Everything from the line containing "KRAFUN Beginner Sewing" through the line containing "vidaXL Sommier à" should be repeated exactly, and nothing else from the data.

◆ **INFORMATION SUPPLIED**
= = =

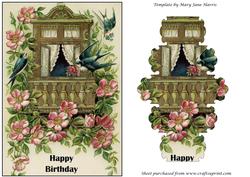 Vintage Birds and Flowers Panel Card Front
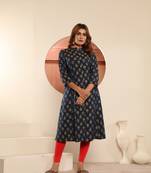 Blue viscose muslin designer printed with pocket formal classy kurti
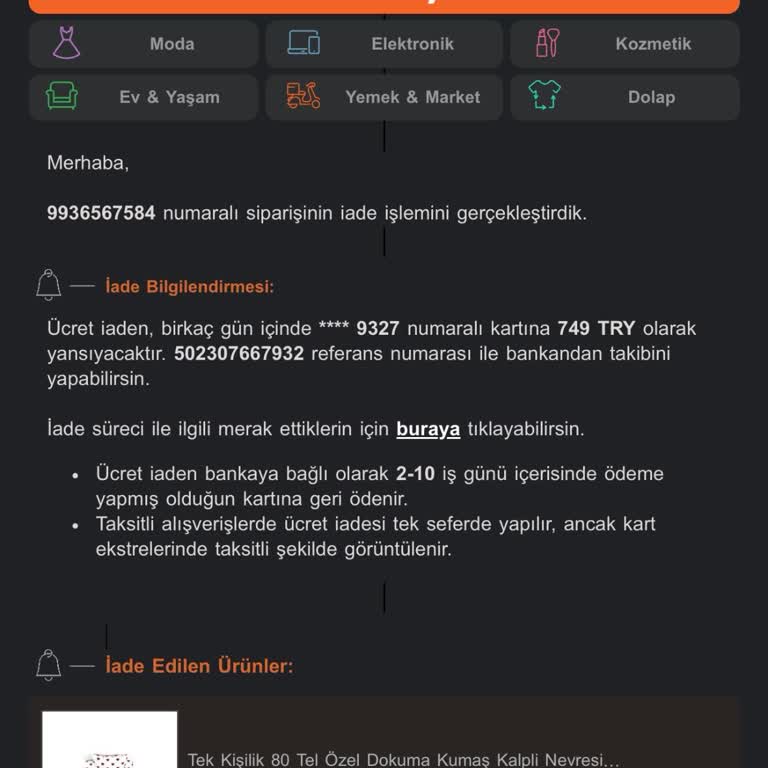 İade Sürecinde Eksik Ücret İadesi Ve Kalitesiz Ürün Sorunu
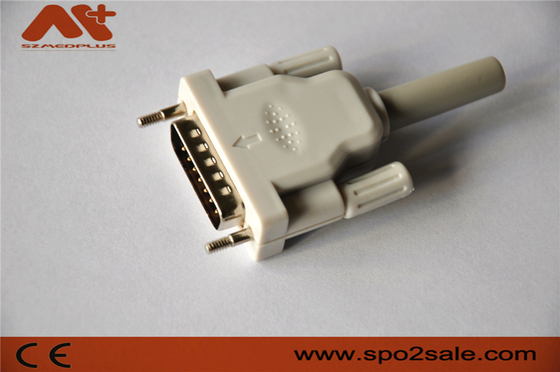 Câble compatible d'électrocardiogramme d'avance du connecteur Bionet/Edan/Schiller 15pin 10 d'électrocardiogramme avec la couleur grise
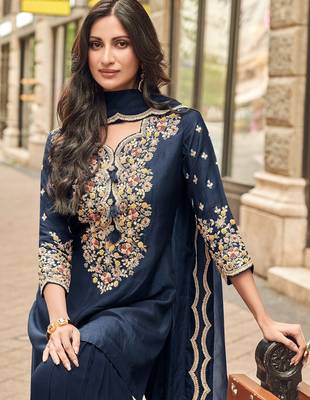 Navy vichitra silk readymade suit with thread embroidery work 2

= = =

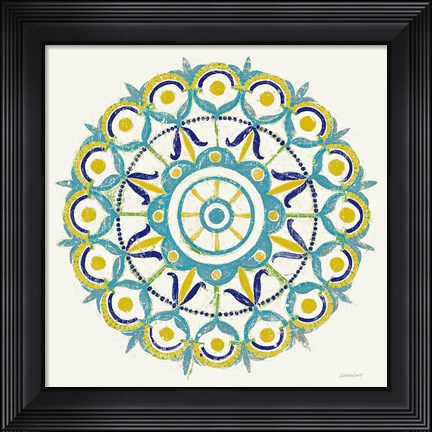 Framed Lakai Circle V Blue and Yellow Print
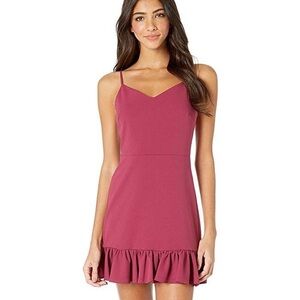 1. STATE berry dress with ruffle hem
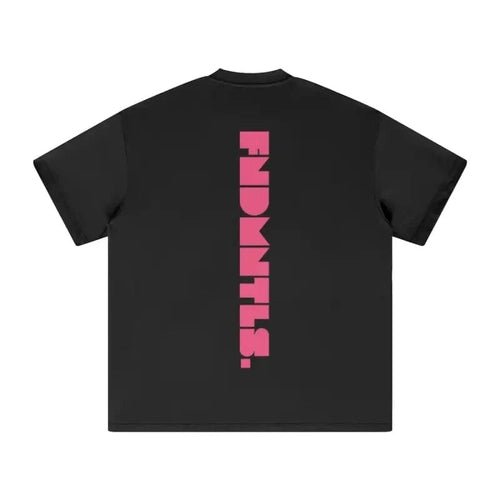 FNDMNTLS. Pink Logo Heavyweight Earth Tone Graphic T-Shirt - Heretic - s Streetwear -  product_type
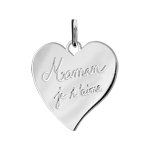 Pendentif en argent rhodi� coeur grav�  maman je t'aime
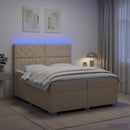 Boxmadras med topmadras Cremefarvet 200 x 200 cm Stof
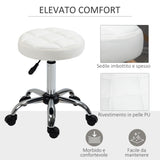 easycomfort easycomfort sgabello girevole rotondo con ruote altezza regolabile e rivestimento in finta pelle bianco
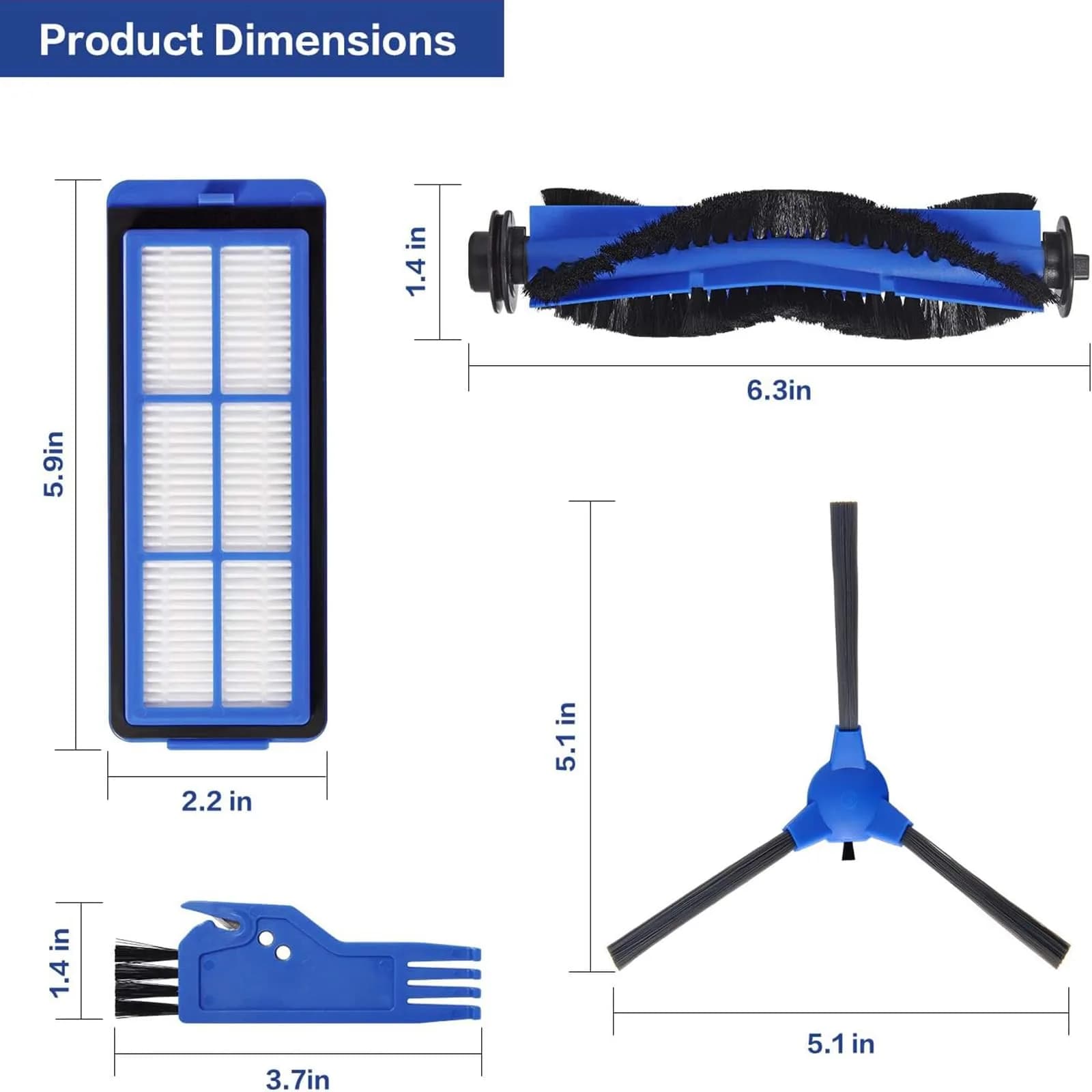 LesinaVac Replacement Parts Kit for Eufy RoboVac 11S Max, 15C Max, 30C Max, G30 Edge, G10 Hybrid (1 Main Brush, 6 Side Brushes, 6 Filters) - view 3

= = =

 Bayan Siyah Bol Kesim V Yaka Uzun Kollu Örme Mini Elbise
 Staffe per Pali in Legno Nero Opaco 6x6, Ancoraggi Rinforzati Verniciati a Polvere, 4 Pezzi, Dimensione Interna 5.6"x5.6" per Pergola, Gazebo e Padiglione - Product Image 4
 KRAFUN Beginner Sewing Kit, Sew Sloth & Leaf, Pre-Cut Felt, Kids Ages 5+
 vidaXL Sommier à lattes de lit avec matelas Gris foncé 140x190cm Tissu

= = =

◆ **PROBLEM SOLUTION**
 KRAFUN Beginner Sewing Kit, Sew Sloth & Leaf, Pre-Cut Felt, Kids Ages 5+
 vidaXL Sommier à lattes de lit avec matelas Gris foncé 140x190cm Tissu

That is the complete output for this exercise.